There were some plans in the works for specialized "rammjaeger" aircraft - small jet or ramjet planes with hardened noses and wings, designed specifically to ram a bomber in the tail section and cut the vertical fin off. They were designed with bailing out in mind after the impact.
http://www.luft46.com/misc/zrammer.html

There were also definitely "self-sacrifice" kamikaze designs. Piloted bombs meant to be dropped from parent aircraft.

These were "Luft '46" concepts that happily never got built.


----------



## agentsmith (Mar 27, 2005)

Schwinnster,

I have seen that episode of ''Dog Fights'' a couple years ago. Somewhere in my book collection I have a book that covers that ramming mission in great detail, there is a great deal more to that mission then what little the History Channel had the resources to cover but still think they did a great job. 
Many times the History Channel does not really stick to the facts and will tailor the narration in their coverage of the Luftwaffe to match whatever film stock they have.

Agentsmith


----------



## Schwinnster (Sep 5, 2011)

Thanks Agentsmith, and John P,

When I first started amassing my very own styrene Luftwaffe almost 20 years ago-- even had the He 111 Zwilling in 1/72 scale-- _HAD_, I say, -- I remember doing a lot of research thru library books, and buying some reference books thru mail order-- remember that? Then we got cable, and I watched every episode of WINGS on The Discovery Channel that I could. I still remember getting a bit of a sense, seeing some of Hitler's 'super' type weapons found in developmental stages-- that somebody must be making this up! That couldn't be true! I don't know if the Luft 46 concept existed back when I was watching WINGS-- I've only become aware of it recently.
Perhaps 'it' is a part of our having to be 'politically correct'? Really irritated me to see, in the October issue of FLIGHT JOURNAL (yeah, I know, it's August 27...) the speculated airwar, between the Allies and the Axis powers, had WWII continued into 1947. Apparently, according to whoever involved in the creation of the story, and accompanying artwork, a futuristic Luftwaffe inteceptor with balkenkreuz, but --*without swastikas*-- attacking a flying wing bomber-- Hitler must have gotten urgent input from some influential advisors, to stop using the swastika-- gotta be *'politically correct' *ya know, Adolph......

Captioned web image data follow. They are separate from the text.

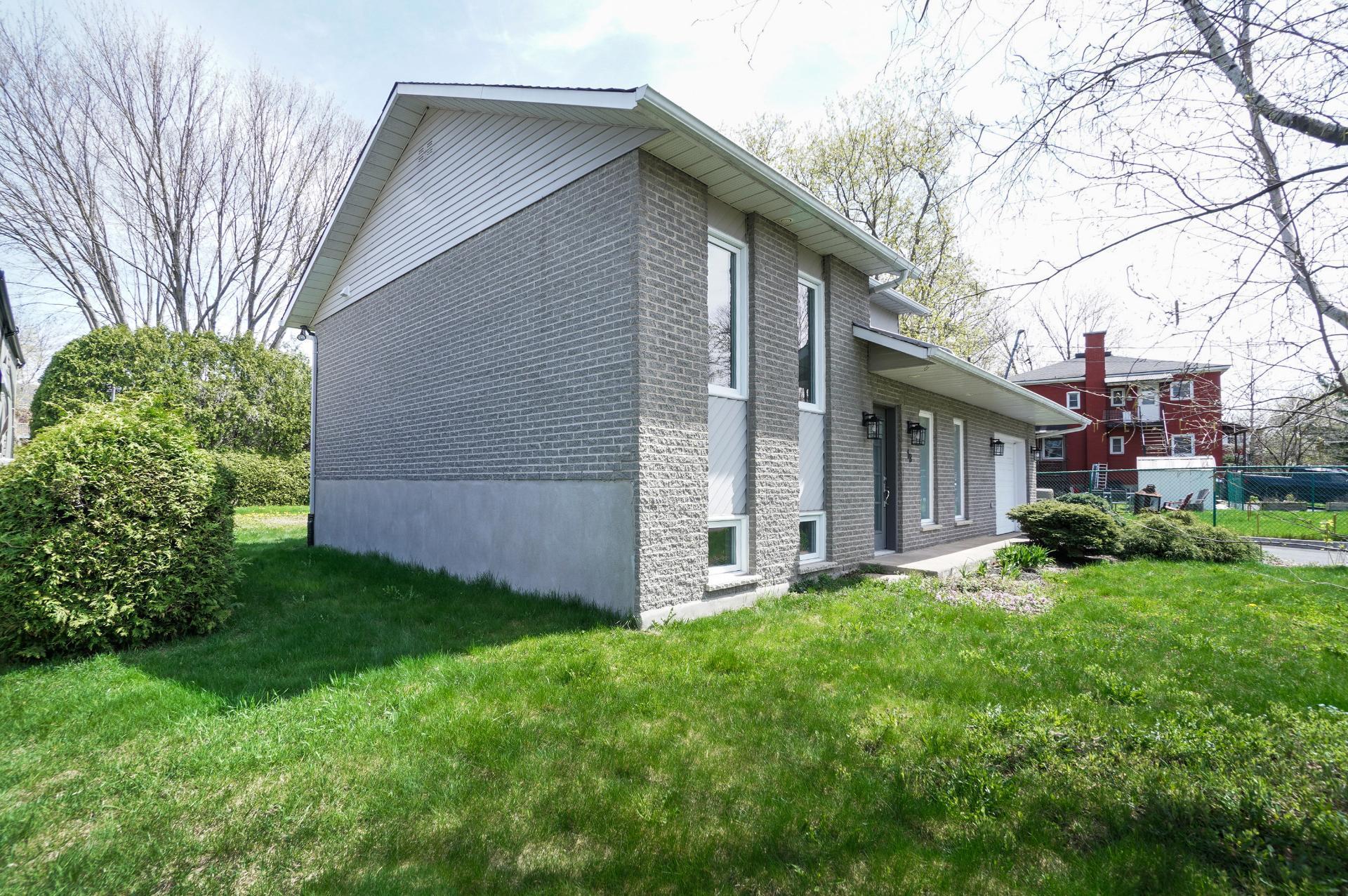 









1B


Rue Olier

,
Saint-Basile-le-Grand,




QC
J3N1L6

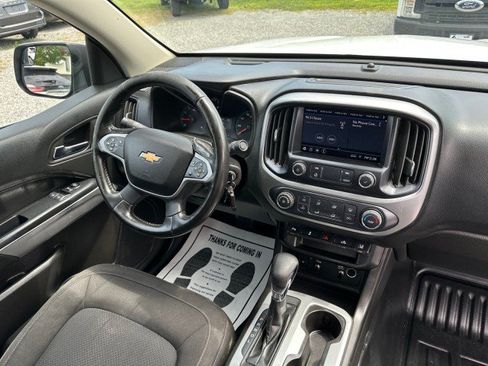 Used 2022 Chevrolet Colorado LT w/ Fleet Safety Package RWD image 29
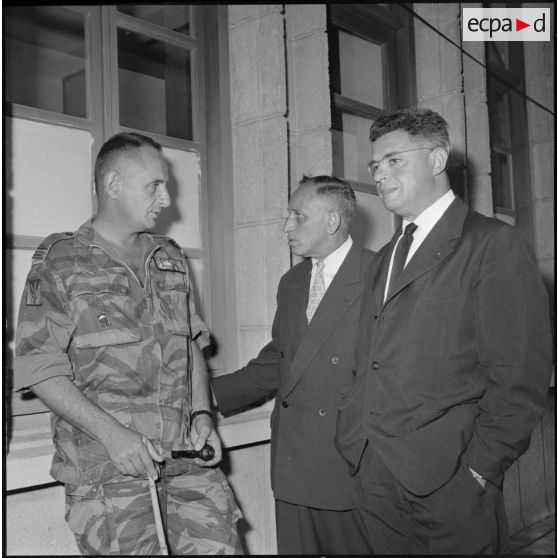 Le colonel Marcel Bigeard et Michel Gorlin assistant à l'interview des 3 chefs politiques du front de libération nationale (FLN).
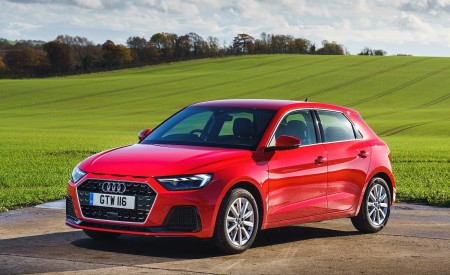 2019 Audi A1 Sportback 30 TFSI (UK-Spec) Front Three-Quarter Wallpapers 450x275 (35)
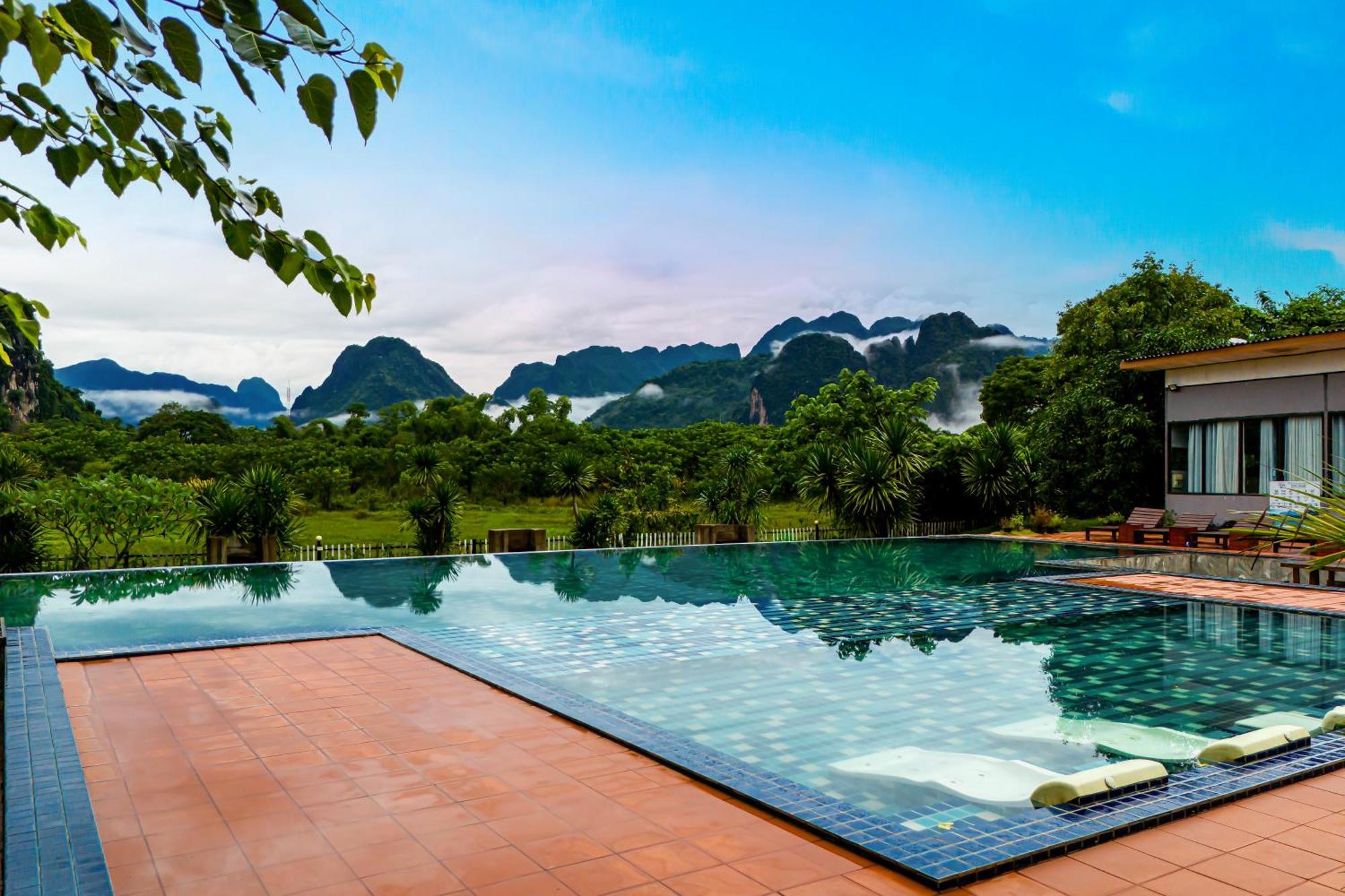 Lisha Garden Resort Hotel Vangviang Kültér fotó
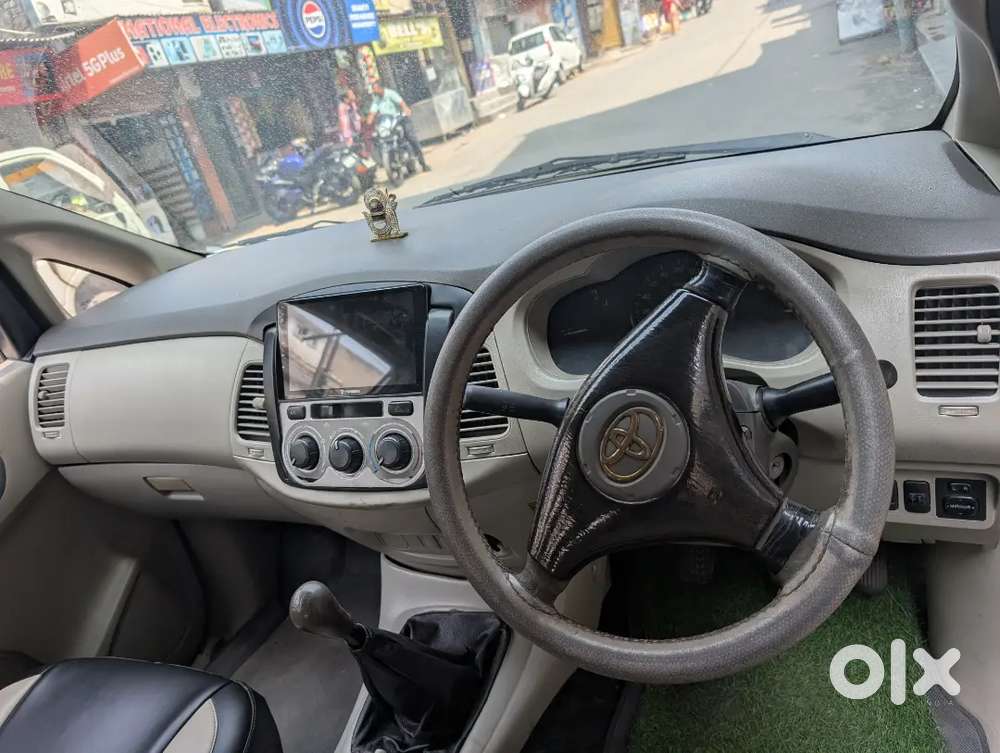 Toyota Innova 2012 1st Owner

I still enjoy the researching, and buy as many DVD's I can about WWII, specifically anything to do with the air war in the European theater, and sadly, like you say Agentsmith, I _have_ noticed discrepancies in the different "documentary" footage narrations. In these days of PhotoShop type capabilities, one can really start to wonder just what is/was true 'history' anymore. If someone doesn't like some particular bit of 'history'-- well, they'll just 'change' it-- or so they think. The really bad part of that is that it is then taught to others who have no idea that it is not true, nor any reason to believe it isn't.....


----------



## agentsmith (Mar 27, 2005)

Schwinnster,
Any History Channel or Military Channel shows that have Luftwaffe content are best viewed with the volume turned down because they just repeat the same old myths about the Luftwaffe that have been repeated the past ten years. I still watch any newer programs that they broadcast because sometimes they show some footage that is new to me.
Nat Geo had a program about the Horten Ho 229 that was interesting but also bogus, they called the Ho 229 Hitler's stealth fighter and how it was supposed to sneak past the British radar chain and attack England...oh my, thats a very tall tale compared to the reality of the situation for Germany in 1945.
What is really sad that most people will regard some of these programs as fact...if its on the History Channel or Nat Geo it must be true, right?


Agentsmith


----------



## Jafo (Apr 22, 2005)

looks awesome


----------



## agentsmith (Mar 27, 2005)

Thank you Jafo!


Agentsmith


----------